The website looks like it follows a 4 column structure grid, but this structure gets muddled towards the end of the website when it is divided into 3 even columns. The 4 column structure could not encapsulate the smaller divisions within each column (such as the most right column pictures), so I tried to find a grid structure that took these into account. However, I was not able to find a correct fit as 12 columns, 16 columns, and 24 columns were not a perfect fit. I did find that 96 columns fit all the elements, but there is very little chance that this was actually used.
Eventually, Yoshi, our TA, told me that in the web format some of the smaller elements don’t necessarily follow a grid structure. With this new information, I was able to confidently say that the website follows a 12 column grid.
Because the website is adaptive to different devices, the column structure changes for increased readability.
Laptop or desktop features 3–4 columns, tablet displays 2 columns, and phone features 1 column.
—September 5, 2021—
Our presentation followed the narrative that the Atlantic aligned all its design choices to suit 4 adjectives which were current, credible, refined, and progressive. These adjectives were later on changed to be:
Relevant— Credible — Elegant
So, we centered our presentation around showing how the Atlantic utilized design choices to emanate these adjectives.
The main points from this feedback session was:
- Condense — consider what’s important and what’s not. Eliminate the unimportant.
- Clarify what it is you’re talking about. Tie things to the thesis more clearly.
- What do we actually need to know to understand the Atlantic? What do we actually need to know to understand how the Atlantic embodies the adjectives we selected?
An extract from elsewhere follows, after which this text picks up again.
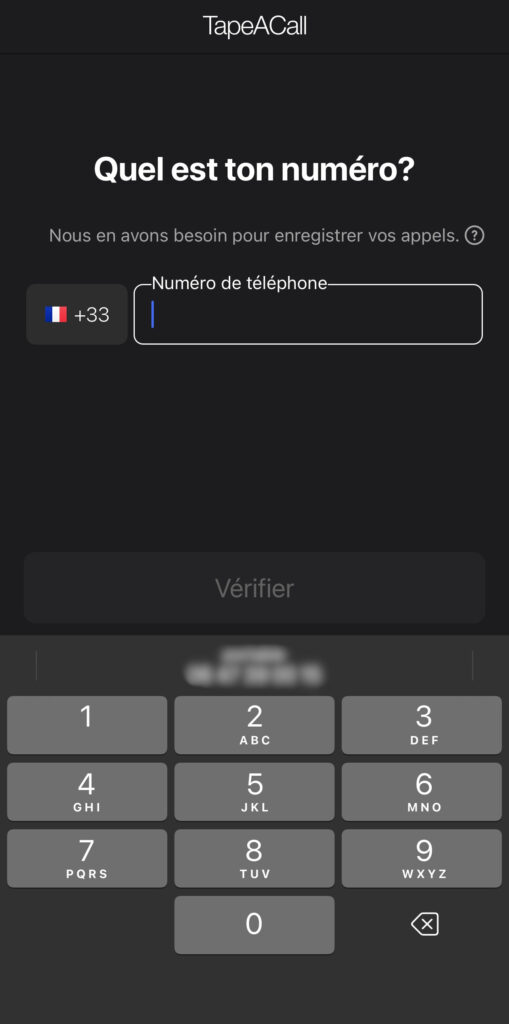 Tapeacall vérifier son numéro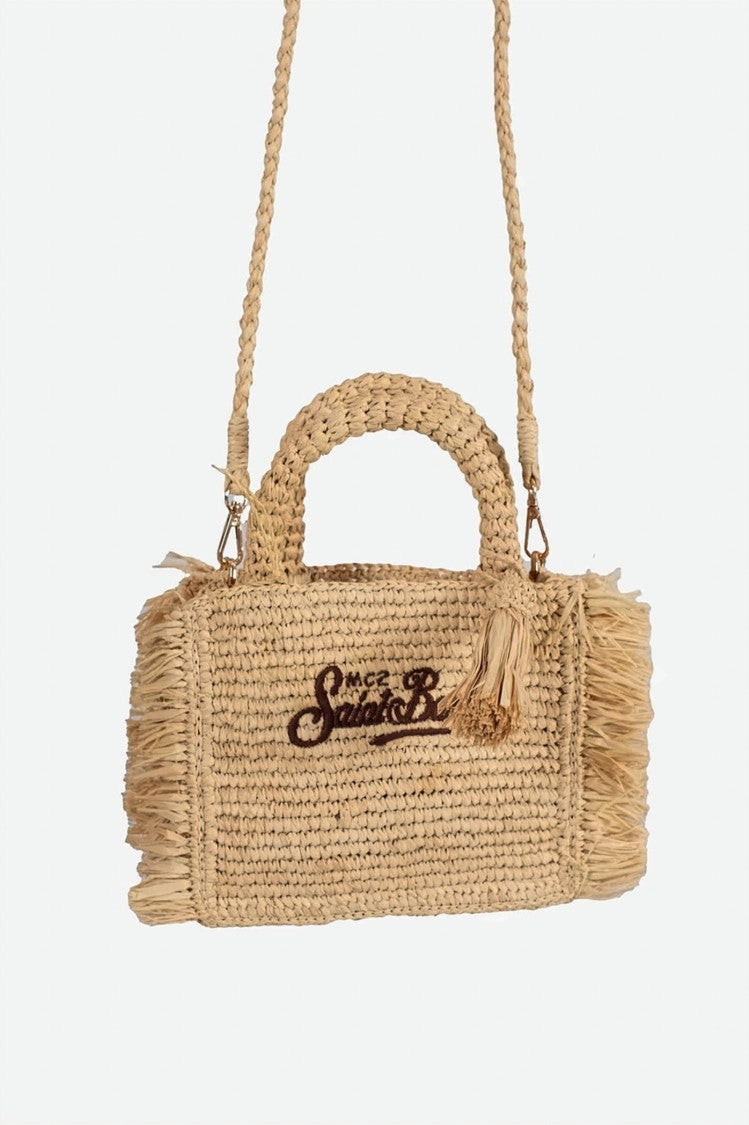 Mc2 Saint Barth Rectangular Woven Handbag With Decorative Tassel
- Slow down the delivery of content
- Raise energy of the body of the presentation
- Show, don’t tell — use more splash pages, full-page graphics. We need more of a macro view for context. Eliminate graphs/numbers and replace them with pages that encapsulate the data in question.
- Clarify visuals — reduce visual noise in backgrounds of slides
The elements that we worked on were shortening our presentation by cutting out some unnecessary content. To achieve this, we restructured the evidence of the presentation to three major points: content/pacing, typography, and grid system. Now, we had a guideline to work with when deciding whether information was important enough to include in the presentation or not.
I also worked on clarifying the visuals of the presentation by creating more visual cues on the slides that matched my narration.
—Changes to the presentation—
- Removed demographics slides—not necessary to present this information with 2 slides of visuals
- Altered ratio content display to show the actual magazine and website instead of just colored boxes—let the viewer see the evidence before displaying the conclusion
- Removed font colors and magazine cover colors—not really adding anything to the narrative
- Changed graphics slide to show a larger image—easier to see graphic and can see it in the context
- And a BUNCH of other stuff
—September 9, 2021—
We made a lot of changes based on the feedback and was able to get the timing down to 8 min!
Designing magazines is much more structured than I ever thought, and I have newfound respect for magazine designers. There were so many small details like font connotations, color of photos, and decorative elements that all conformed to the identity of the Atlantic. Analyzing the design choices of the Atlantic in relation to the target audience allowed me to critically think about the effect of certain design decisions on viewers, which I hope will carry with me for future projects.